__Aim of the exercise__: Transcribe the records in full, keeping every word exactly as given.

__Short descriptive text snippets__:
-=-=-=-=-
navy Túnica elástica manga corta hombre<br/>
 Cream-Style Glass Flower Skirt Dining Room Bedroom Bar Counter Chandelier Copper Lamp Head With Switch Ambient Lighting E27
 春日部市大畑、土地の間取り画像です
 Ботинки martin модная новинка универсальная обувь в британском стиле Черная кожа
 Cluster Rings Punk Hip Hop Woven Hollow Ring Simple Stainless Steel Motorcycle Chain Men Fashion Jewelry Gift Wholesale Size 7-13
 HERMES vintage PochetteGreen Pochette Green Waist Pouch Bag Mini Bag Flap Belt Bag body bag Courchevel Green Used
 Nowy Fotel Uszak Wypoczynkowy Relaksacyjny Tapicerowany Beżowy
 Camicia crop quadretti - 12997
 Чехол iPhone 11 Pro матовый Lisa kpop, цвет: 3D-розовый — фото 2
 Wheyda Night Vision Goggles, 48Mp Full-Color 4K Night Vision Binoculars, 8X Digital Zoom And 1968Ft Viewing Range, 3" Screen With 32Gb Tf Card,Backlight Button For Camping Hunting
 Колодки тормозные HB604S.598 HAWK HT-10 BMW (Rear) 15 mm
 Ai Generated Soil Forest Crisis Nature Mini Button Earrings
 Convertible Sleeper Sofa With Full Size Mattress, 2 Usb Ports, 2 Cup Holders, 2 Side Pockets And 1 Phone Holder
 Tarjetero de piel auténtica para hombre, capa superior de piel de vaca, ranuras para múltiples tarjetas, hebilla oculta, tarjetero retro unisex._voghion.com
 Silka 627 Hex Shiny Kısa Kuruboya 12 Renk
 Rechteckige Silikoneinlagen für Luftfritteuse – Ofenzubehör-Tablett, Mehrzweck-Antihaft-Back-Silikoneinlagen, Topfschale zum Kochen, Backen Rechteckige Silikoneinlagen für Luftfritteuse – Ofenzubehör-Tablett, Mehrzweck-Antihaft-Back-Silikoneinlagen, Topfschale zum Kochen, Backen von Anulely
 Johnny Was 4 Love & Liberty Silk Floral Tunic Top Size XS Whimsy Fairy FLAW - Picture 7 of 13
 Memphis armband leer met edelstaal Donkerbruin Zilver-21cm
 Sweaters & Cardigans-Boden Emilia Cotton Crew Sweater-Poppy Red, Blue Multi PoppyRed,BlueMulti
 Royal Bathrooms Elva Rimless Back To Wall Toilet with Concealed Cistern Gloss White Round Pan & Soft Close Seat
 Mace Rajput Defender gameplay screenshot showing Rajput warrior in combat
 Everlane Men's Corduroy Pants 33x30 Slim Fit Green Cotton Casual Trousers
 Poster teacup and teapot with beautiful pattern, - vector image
-=-=-=-=-
__Answer below__:
navy Túnica elástica manga corta hombre<br/>
 Cream-Style Glass Flower Skirt Dining Room Bedroom Bar Counter Chandelier Copper Lamp Head With Switch Ambient Lighting E27
 春日部市大畑、土地の間取り画像です
 Ботинки martin модная новинка универсальная обувь в британском стиле Черная кожа
 Cluster Rings Punk Hip Hop Woven Hollow Ring Simple Stainless Steel Motorcycle Chain Men Fashion Jewelry Gift Wholesale Size 7-13
 HERMES vintage PochetteGreen Pochette Green Waist Pouch Bag Mini Bag Flap Belt Bag body bag Courchevel Green Used
 Nowy Fotel Uszak Wypoczynkowy Relaksacyjny Tapicerowany Beżowy
 Camicia crop quadretti - 12997
 Чехол iPhone 11 Pro матовый Lisa kpop, цвет: 3D-розовый — фото 2
 Wheyda Night Vision Goggles, 48Mp Full-Color 4K Night Vision Binoculars, 8X Digital Zoom And 1968Ft Viewing Range, 3" Screen With 32Gb Tf Card,Backlight Button For Camping Hunting
 Колодки тормозные HB604S.598 HAWK HT-10 BMW (Rear) 15 mm
 Ai Generated Soil Forest Crisis Nature Mini Button Earrings
 Convertible Sleeper Sofa With Full Size Mattress, 2 Usb Ports, 2 Cup Holders, 2 Side Pockets And 1 Phone Holder
 Tarjetero de piel auténtica para hombre, capa superior de piel de vaca, ranuras para múltiples tarjetas, hebilla oculta, tarjetero retro unisex._voghion.com
 Silka 627 Hex Shiny Kısa Kuruboya 12 Renk
 Rechteckige Silikoneinlagen für Luftfritteuse – Ofenzubehör-Tablett, Mehrzweck-Antihaft-Back-Silikoneinlagen, Topfschale zum Kochen, Backen Rechteckige Silikoneinlagen für Luftfritteuse – Ofenzubehör-Tablett, Mehrzweck-Antihaft-Back-Silikoneinlagen, Topfschale zum Kochen, Backen von Anulely
 Johnny Was 4 Love & Liberty Silk Floral Tunic Top Size XS Whimsy Fairy FLAW - Picture 7 of 13
 Memphis armband leer met edelstaal Donkerbruin Zilver-21cm
 Sweaters & Cardigans-Boden Emilia Cotton Crew Sweater-Poppy Red, Blue Multi PoppyRed,BlueMulti
 Royal Bathrooms Elva Rimless Back To Wall Toilet with Concealed Cistern Gloss White Round Pan & Soft Close Seat
 Mace Rajput Defender gameplay screenshot showing Rajput warrior in combat
 Everlane Men's Corduroy Pants 33x30 Slim Fit Green Cotton Casual Trousers
 Poster teacup and teapot with beautiful pattern, - vector image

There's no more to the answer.